パンケーキのパワー
大学院でジェンダー・フェミニズム研究に出会った。
別にすごくその研究がしたくて入ったわけじゃなかったから、論文書く時、どうしよう。と思った。
途中まで、「ケア労働」について調べていた。なんかそういう論文書けたら、研究した感すごいあってかっこいいな、と思ってた。けど、難しすぎて、何より自分がワクワクできなくて、挫折した。どうしても自分ごとにならなかった。
私の指導教授は「ファッションの研究」をしていた。
いつもおしゃれな(ちょっと変わった)スーツを着たアメリカ人。
そんなことでも研究になるんだ!と思った(失礼。笑)
教授はずっと私に、「なんでも研究対象になるよ。」「あなたは何に興味があるの?」「何が好きなのか?」と問うてくれていた気がする。

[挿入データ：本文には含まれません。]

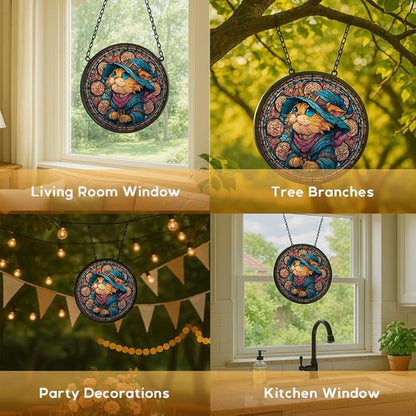 Stained Glass Window Hanging， Wizard Cat 9.8in Sun Catchers Indoor Window， Core Decor Inside and Outside The Cottage， Cute Feline Stained Glass Art， Unique Home Decor， Gifts for Women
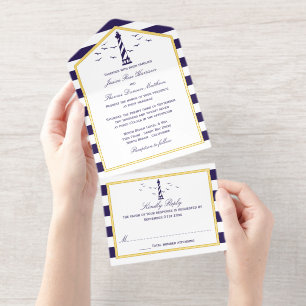 Nautische Vuurtoren Navy Stripe Huwelijk Echte Fol All In One Uitnodiging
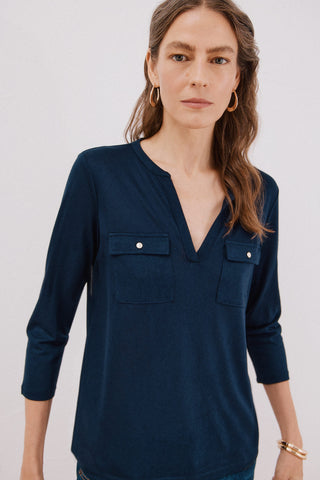 Camiseta Cuello Mao Efecto Lino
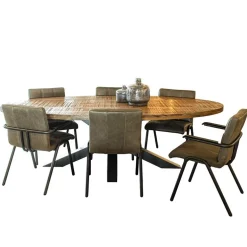 Robuuste eettafel ovaal 240 cm mangohout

結局、私は「Pancake Politics」というタイトルで、「日本におけるパンケーキの流行と、そこにみる女性の社会行動」について論文を書いた。
今から10年くらい前。
パンケーキ、めっちゃ流行ってたよね!?
Hawaiiから来たEggs'n Things!
Australiaから来たbills!
しあわせのパンケーキ!
など、新しいお店が出来ては長蛇の列だった。
ミーハーな私は、3時間くらい並んだこともある笑
そして、私は思った。
「女ばっかり並んでるなぁ。」と
スイーツ男子とか言われ出していた頃で、男同士で来ている人もゼロではなかったし、男女カップルもいた。
でも圧倒的に、パンケーキに、「女」か「男」かを振り分けると、「女」になる。
今でも、「パンケーキ」と聞いて「男っぽい食べ物だよね😊」と思う人はいないだろうと思う。
こういう視点を持つこと自体がジェンダー研究なのであった。
もうなんでもジェンダー研究になりうる。面白い。
こういうことに気づいて、教授に、言ってみたら、「それは面白い研究になるね!」と言われた。
「まじで?!そんなことでいいの!?」と思いながら、私の論文のテーマは「ケア労働」から、まさかの「パンケーキ」に変わった。
それから、
「なんでパンケーキに女は並ぶのか」
「パンケーキを食べながら、何が行われているのか」
「どんな社会的な意味があるのか」
そんな問いを持ちながら、観察し、研究し始めた。
たどり着いたのは、
私たちは純粋にパンケーキを食べることに喜びを感じているのではなく、パンケーキを囲いながら、女子同士で話をすることに喜びを感じている。
ということだった。
私たちは話をする。
もしかすると大半は何かの愚痴かもしれない。
だけど、そこでパンケーキを前にし、
写真を撮り、話し、笑い、共感しあうことで、
また次の日を生きるパワーを得ている。
「またあんなに並んでっ」と呆れられながらも、
それでもあれだけ並んで、パンケーキを食べることは
その人たちにとって社会を生きる上で必要な行動なのだ。
ただ流行に流されているとも見える行動は、
実はとても社会的で、強く生きていくための行動なのだ。
みたいなことを、書いた。
ケーススタディのような論文が出来上がった。
今、私は対話を大切にしているし、
話を聞く、する、を仕事にしている。
対話の場をもっともっと届けたい!と思っているけれど
パンケーキ日本初上陸やん!
気になる!ワクワク!
なんか分からんけど食べに行こ!きゃー!
みたいな気軽さの中でしか生まれないパワーもあるな。なんてことも思う。